For the most part the melons are round, though they can also be slightly oblong. They will grow to be 1 to 2 feet (30 to 60 cm) across. The average size that reaches markets in the West is about 15 inches (40 cm) wide, which will weigh about 12 pounds (5 1/2 kg.) It is often sold in pieces, because it is so large.
The rind is thin but hard, and very pale green. It develops a whitish powder on it, that to some looks as though it has been rolled in ash, thus one of its synonyms “Ash Gourd.” Some people have thought that the whitish blotches of powder also look like snow, thus the “Winter” name. The rind has a waxy feel, thus yet another synonym, “Wax Gourd.”

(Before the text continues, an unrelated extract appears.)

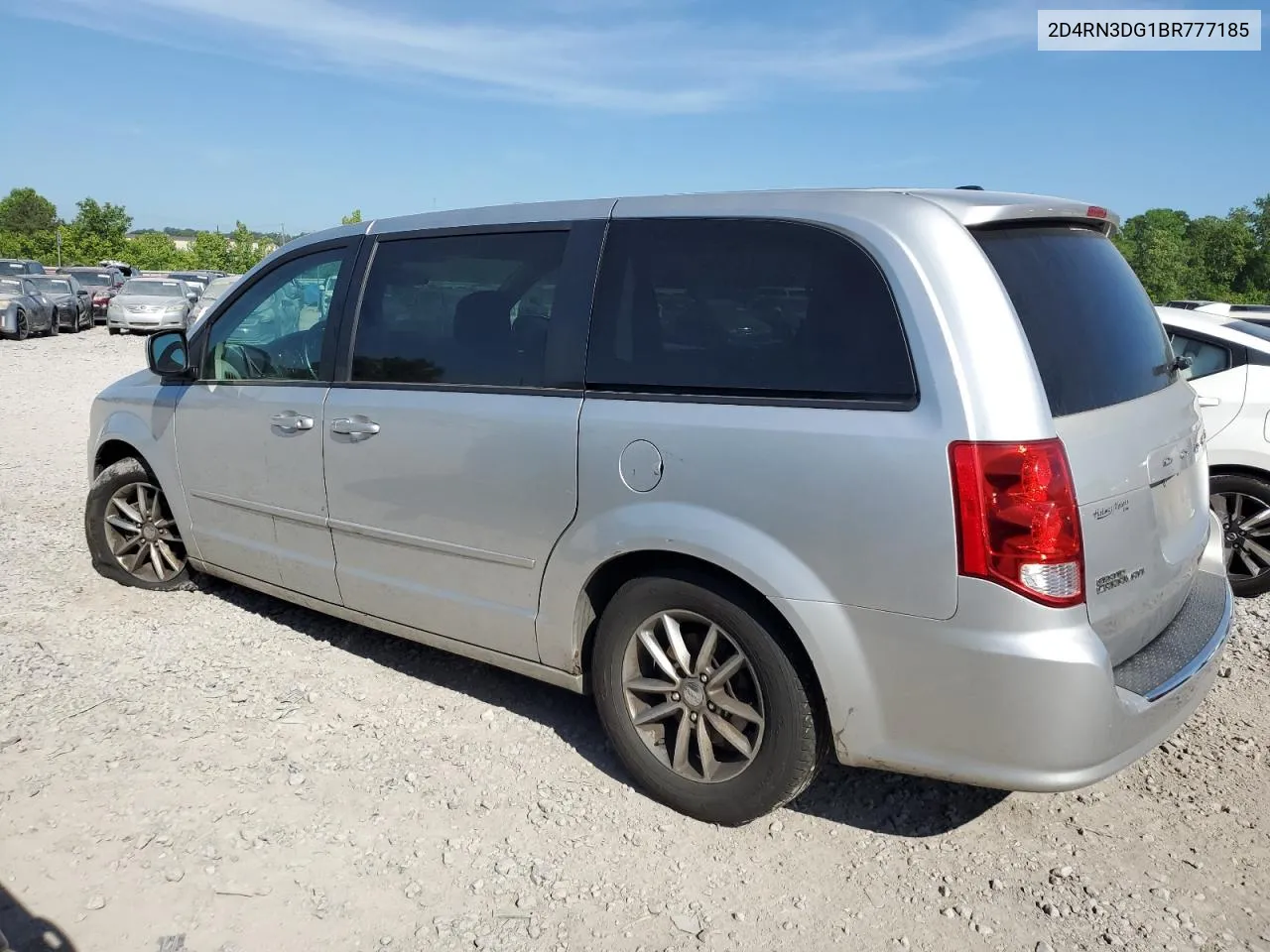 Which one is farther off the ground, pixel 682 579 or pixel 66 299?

The flesh has the same texture as watermelon before cooking, though to be clear, the taste is not at all sweet. Instead, the taste is described as subtle, which means translates into it having more of a bland, neutral taste like zucchini. It really needs to be jazzed up, or served with spicy dishes.

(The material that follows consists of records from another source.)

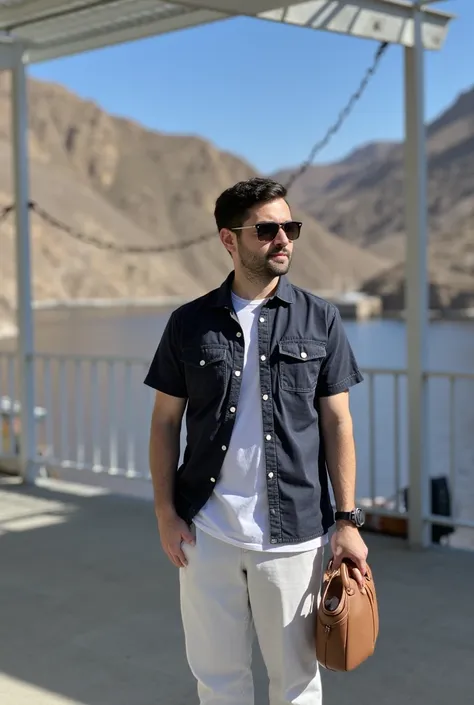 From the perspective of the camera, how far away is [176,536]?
1.74 meters

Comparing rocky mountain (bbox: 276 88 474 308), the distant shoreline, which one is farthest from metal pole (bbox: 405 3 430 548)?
rocky mountain (bbox: 276 88 474 308)

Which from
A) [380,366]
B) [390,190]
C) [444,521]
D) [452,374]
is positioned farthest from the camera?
[390,190]

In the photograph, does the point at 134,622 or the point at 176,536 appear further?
the point at 134,622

It is treated as a squash in cooking in cuisines such as Thai.
In India and China, pieces of it are crystallized with sugar to make a confection (called “petha” in India; “puhul dosi” in Sri Lanka.) To make the candy, pieces of rind are softened with Lime (the chemical), then candied in a simmering sugar syrup.
Winter Melon Squash is different from Winter Melons.

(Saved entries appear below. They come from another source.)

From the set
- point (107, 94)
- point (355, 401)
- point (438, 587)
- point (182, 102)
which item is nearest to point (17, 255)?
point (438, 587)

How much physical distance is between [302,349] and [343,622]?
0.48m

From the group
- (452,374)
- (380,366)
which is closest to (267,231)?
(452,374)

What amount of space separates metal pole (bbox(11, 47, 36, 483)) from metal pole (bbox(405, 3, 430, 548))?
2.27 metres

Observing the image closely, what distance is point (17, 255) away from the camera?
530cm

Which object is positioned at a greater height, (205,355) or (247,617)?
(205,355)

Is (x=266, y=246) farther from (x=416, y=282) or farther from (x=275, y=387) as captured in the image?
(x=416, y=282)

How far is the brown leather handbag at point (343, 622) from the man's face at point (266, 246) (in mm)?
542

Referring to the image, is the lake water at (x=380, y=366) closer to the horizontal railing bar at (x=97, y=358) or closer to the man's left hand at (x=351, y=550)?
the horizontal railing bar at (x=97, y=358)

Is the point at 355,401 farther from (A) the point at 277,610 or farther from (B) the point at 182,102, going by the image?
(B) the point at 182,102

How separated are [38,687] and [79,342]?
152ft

Cook as you would any Summer Squash or zucchini or Marrow squash, though you peel and discard the rind and the seeds.
Pieces can be candied or pickled.
In China, it’s also used in the soup we call in English “Winter Melon Pond”, which is served using a hollowed out Winter Melon Squash as a serving bowl. In Chinese, the soup is called “dong gwa jong.”
Store cut Winter Melon Squash wrapped in plastic in the fridge for up to a few days. Whole, uncut ones can be stored for a few weeks in a cool, dark place.
The Chinese name is transliterated variously as “tung qwa”, “dong gua” or “doan gwa.”
Called “Winter” because it becomes available in South East Asia during the winter, and because of the white powder on its rind.